Industrial Cross Flow Heat Exchangers are used for transferring heat between two gas streams or between a liquid and a gas. Typical examples include stack gas heat recovery as in Waste Heat Recovery Units (WHRU), combustion air preheating and the heating of process fluids.

We have supplied cross flow heat exchangers into a wide wide range of industries ranging the from the heating vegetable oils in the food industry to the vaporising of gases and the heating and cooling of process gases.

In the usual configuration, the hot gas flows over the tubes, taking advantage of the good heat transfer and low pressure drop that this affords. The coolant, either gas or liquid, then passes through the tubes.

We do not have many limitations on the maximum temperature that can be achieved, provided that the hot gas has a high enough temperature. Our main limitations are that we must keep the metal temperatures higher than the dew point of the hot gas and that materials must be chosen for both corrosion resistance and strength at the temperatures involved.

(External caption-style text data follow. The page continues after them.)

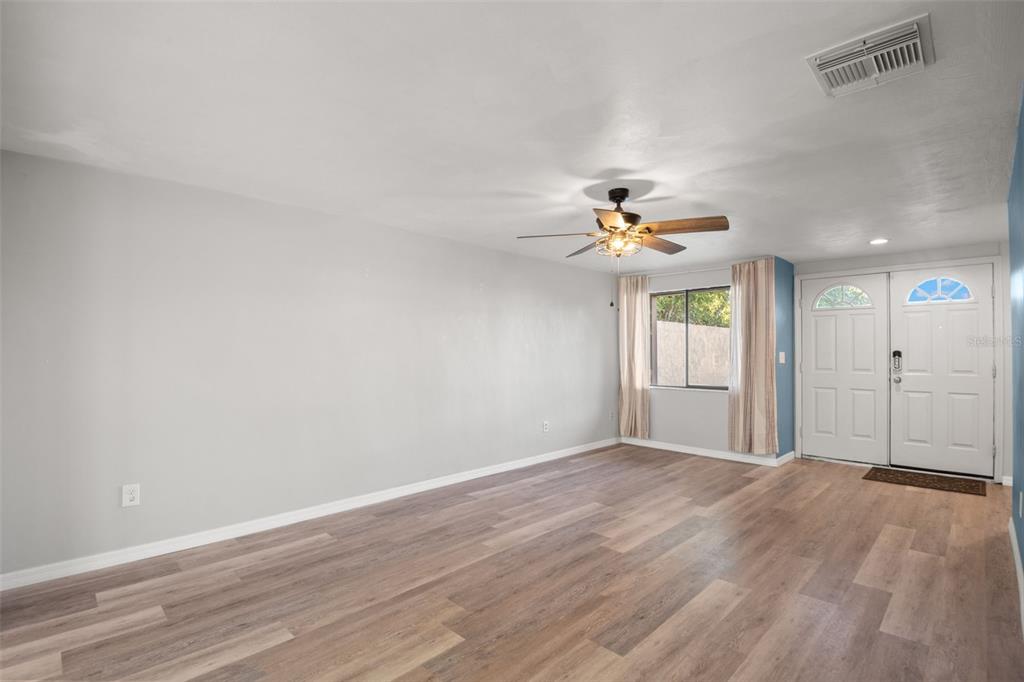 7500 Rocky Point Drive Hudson, FL 34667 - Photo 7 of 37 a view of a livingroom with a chandelier fan and window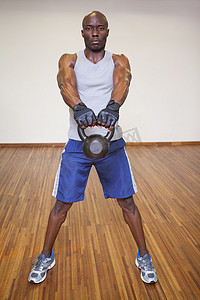 在健身房用水壶铃锻炼的肌肉男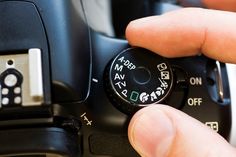 a person holding a camera with their thumb on it's button and the other hand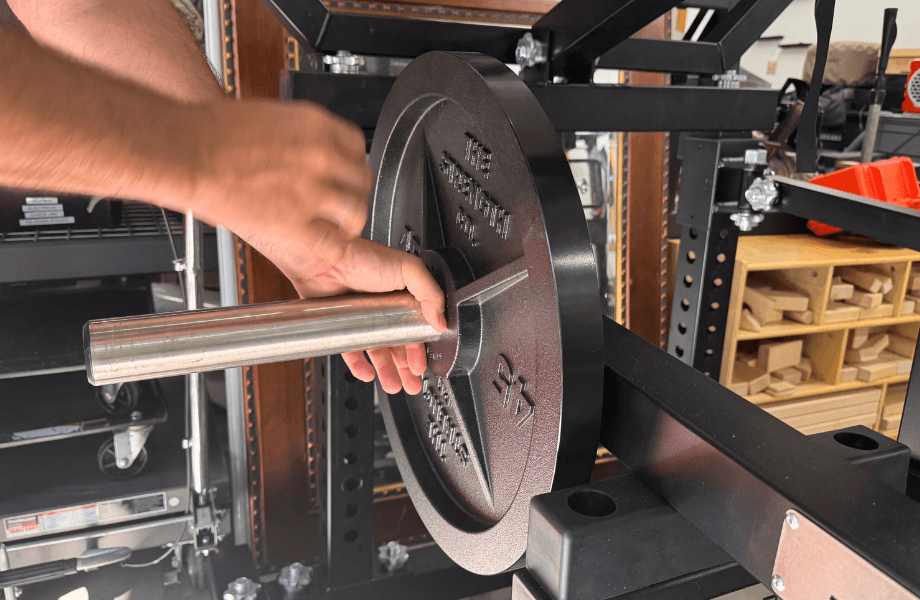 Our tester adding weight plates to the Quantum Free Trainer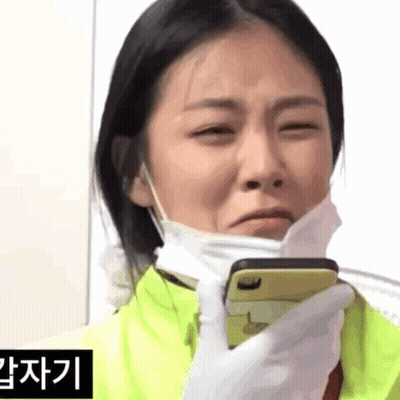 Woman In Face Mask Holding Cell Phone GIF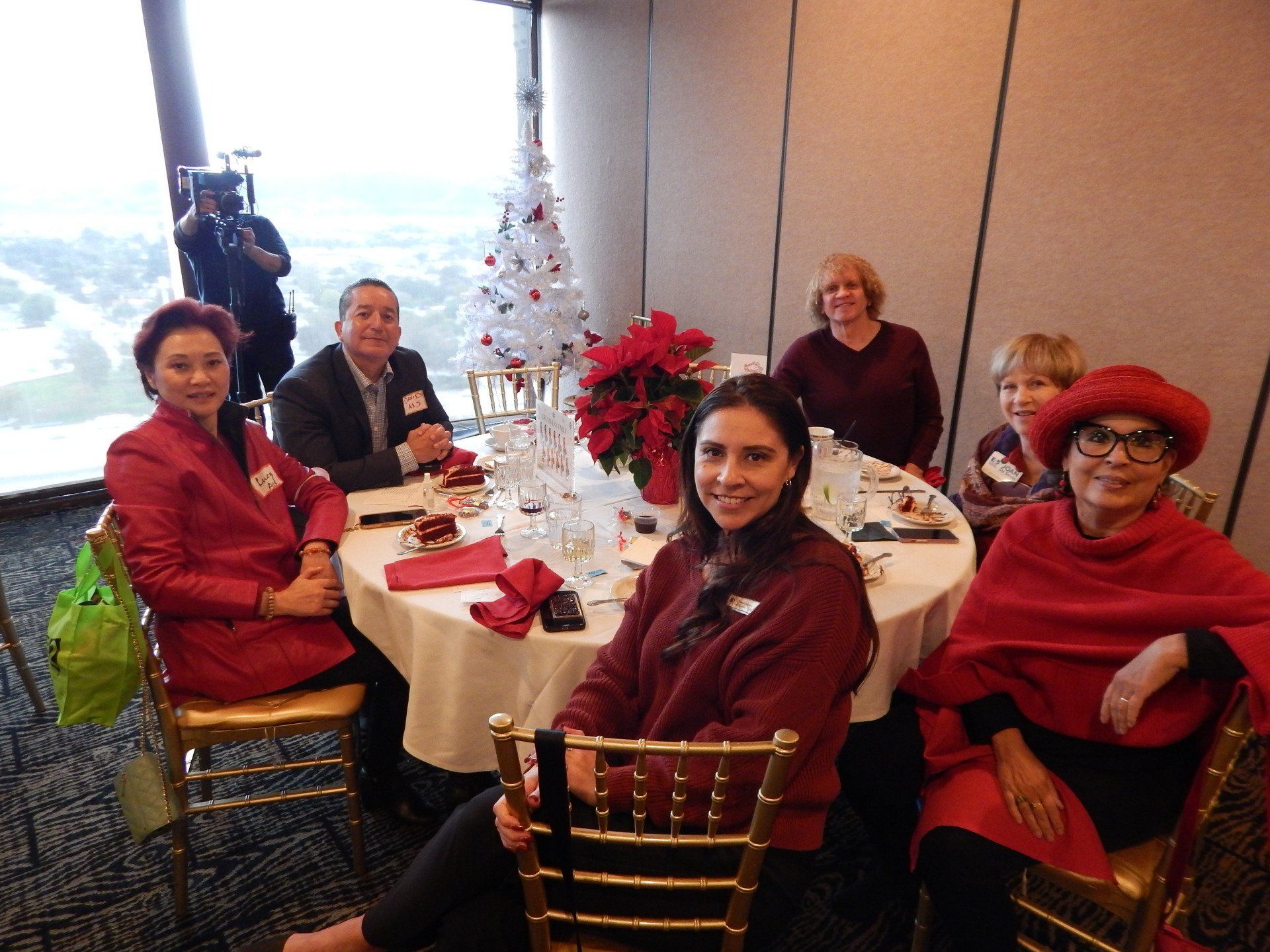 A group of people are sitting at a table with a christmas tree in the background.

Is the heat source located close to your demand for heat? If it is, then the most economic way may be to mount a cross flow heat exchanger in the hot gas stream, with the fluid to be heated going through the tubes. If not, then you may have to transfer the heat to an intermediate fluid to transport the heat to its destination. In this case the hot gas is used to heat up fluids such as thermal oils, pressurised water or may be used to generate steam.

Having cooled the gas, will a blower be needed to discharge the gasses, as the flue no longer produces natural convection due to the hot gas in it? It is a big and important area where we are able to help both in planning and the manufacture of heat exchangers to perform the duty.

A counter current cross flow heat exchanger can, in theory, achieve 100% efficiency. For example, an ambient air stream could be used to recover heat from a hot gas stream, taking the hot gas stream down close to the temperature of the ambient air. In practice, the size of the unit starts to increase significantly as the outlet temperature on one side approaches the inlet temperature on the other. Additionally, if the hot stream is not dry, as in stack gas, once you reduce the stream below its dew point, a large quantity of water, possibly acidic, will start to condense out.

All is not lost though. If you have a use for low grade heat or are able to put it back into the process, we can achieve solutions to achieve that high efficiency.